*** Begin section ***

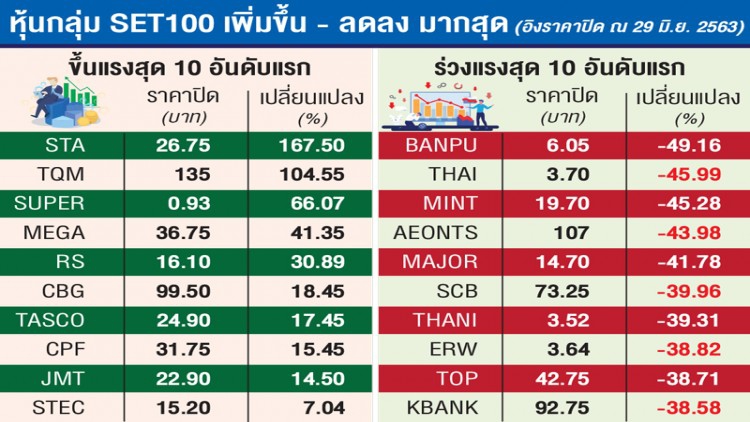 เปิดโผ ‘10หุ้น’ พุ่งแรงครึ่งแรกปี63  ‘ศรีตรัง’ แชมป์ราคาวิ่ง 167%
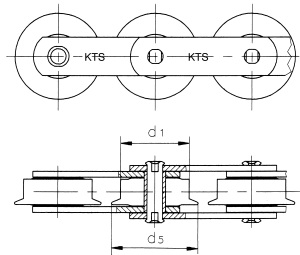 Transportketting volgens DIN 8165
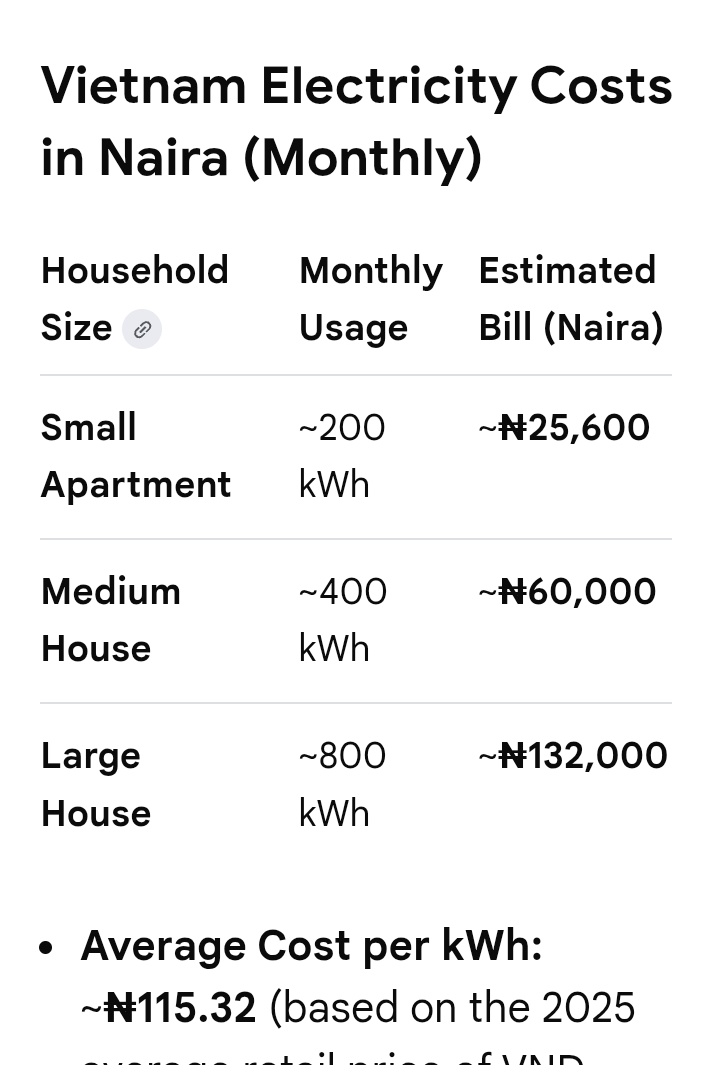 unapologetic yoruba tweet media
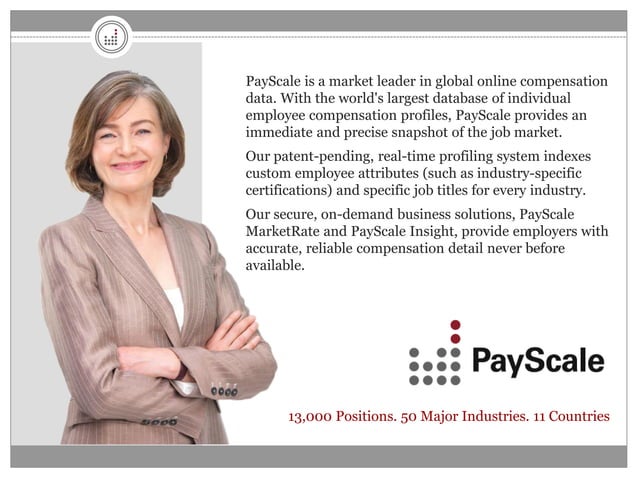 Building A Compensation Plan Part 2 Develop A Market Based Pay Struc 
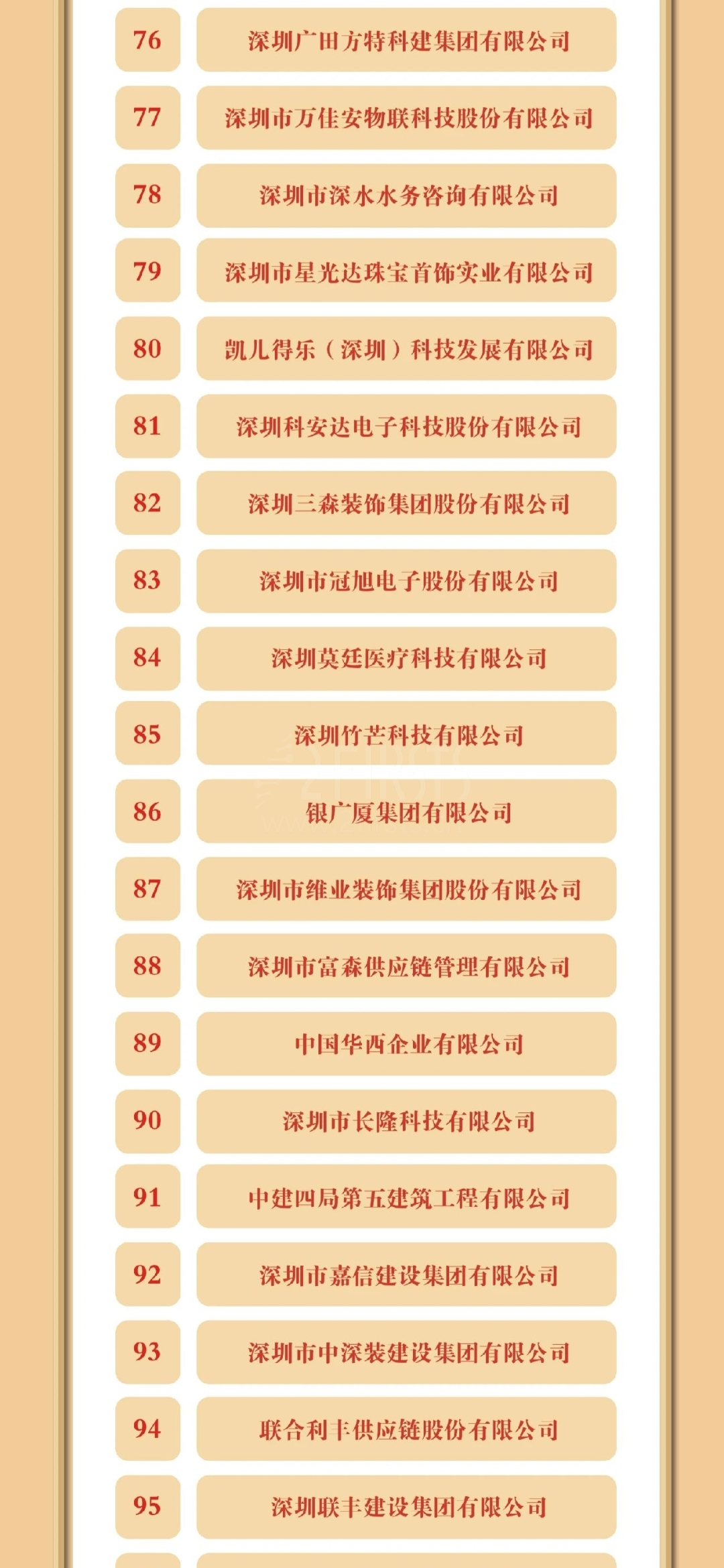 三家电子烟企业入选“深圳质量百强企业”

*** End section ***

# ACTIVITY:
The answer must consist solely of the lines from the one with "Building A Compensation" through the final line of the data, each reproduced exactly and with pictures omitted.

# OUTPUT:
 Building A Compensation Plan Part 2 Develop A Market Based Pay Struc 
 三家电子烟企业入选“深圳质量百强企业”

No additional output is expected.